Even though the Thanksgiving five-day stretch at $270.4 million was the third best ever, up 4% over last year, year to date with $9.7B the business still lags 4% behind the January-November period of 2016. Sources say it will take a miracle to make up that difference by the end of December. Further slowing business is the fact that there aren’t new major studio wide releases (north of 1,500 theaters) for the next two weekends before The Last Jedi opens December 15 along with 20th Century Fox’s animated pic Ferdinand.
According to ComScore, last year’s post-Thanksgiving year-end holiday period of Novemebr 27-December 31 generated $1.27B, led by Disney’s Rogue One: A Star Wars Story which made 76% of its $532.1M domestic total during that time (or $408.2M). If this year grossed the same exact amount, 2017 would arrive at $10.978B — still 4% short.
During 2015, Star Wars: The Force Awakens shattered a plethora of box office records with a year-end take of $652.2M (70% of its $936.7M domestic) and drove the November 27-December 31 frame to $1.5B. But even if the biz matched that ticket sales trajectory — which would be mindblowing — the domestic B.O. would still fall behind last year’s high with $11.2B, off 1.5%.
OK, but Last Jedi is supposed to fare better than the opening of Rogue One with an estimated $200M, plus we have what is expected to be strong holiday counterprogramming in Sony’s Jumanji: Welcome to the Jungle (five-day opening industry estimate $37M-plus), Universal’s Pitch Perfect 3 ($30M-$35M) and 20th Century Fox’s musical The Greatest Showman ($24M-plus over five days). So taking the difference between 2015 and 2016’s year-end grosses at $1.4 billion, the box office would land at $11.1B, off 2.4%.
Being down a few percentage points this year doesn’t mean moviegoing is broken, as we outlined in our summer-end analysis, nor are exhibition and studio executives screaming with pain. To think that people went in droves to the movies for the first four months of this year when tickets sales were 4% ahead of 2016, and then changed their moviegoing habits immediately, just doesn’t make sense, and September and November proved with big turnarounds by It, Thor: Ragnarok, Coco, and yes, even Justice League (at $174M, it’s 10% ahead of Warner Bros’ Thanksgiving hit last year Fantastic Beasts and Where to Find Them) that it’s always been a product-driven business. A double digit year-on-year drop? Yeah, that would be cause for concern. However, if 2017 ends at $11 billion in the U.S. and Canada, it would be the third year in a row it reached that benchmark. Still remarkable, and the third-best annual take ever in the history of moviegoing.

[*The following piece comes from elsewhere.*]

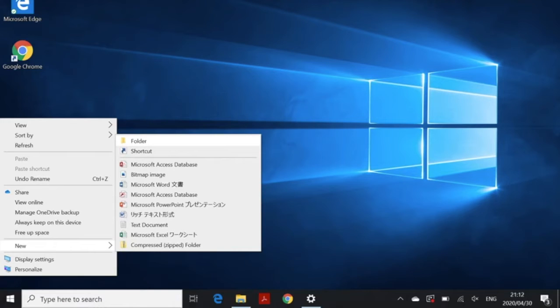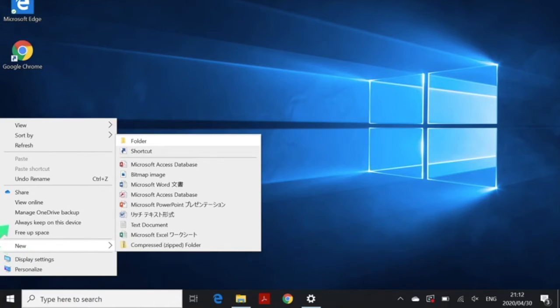I'm gonna show you how to create new folders on your desktop. Right-click anywhere on your desktop and you should see a menu like this, then choose New.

But domestic is only a piece of the pie when evaluating cinema, and there’s further proof that streaming hasn’t eroded ticket sales just yet: The foreign box office for all pics in north of 1,000 theaters is currently at $15.9 billion, per Deadline sources, up 11% over 2016. Even with the negative impact of currency exchanges and the fact distributors are getting fewer dollars out of Asia and Europe for the same ticket price, Hollywood films are still beating last year’s running foreign tally.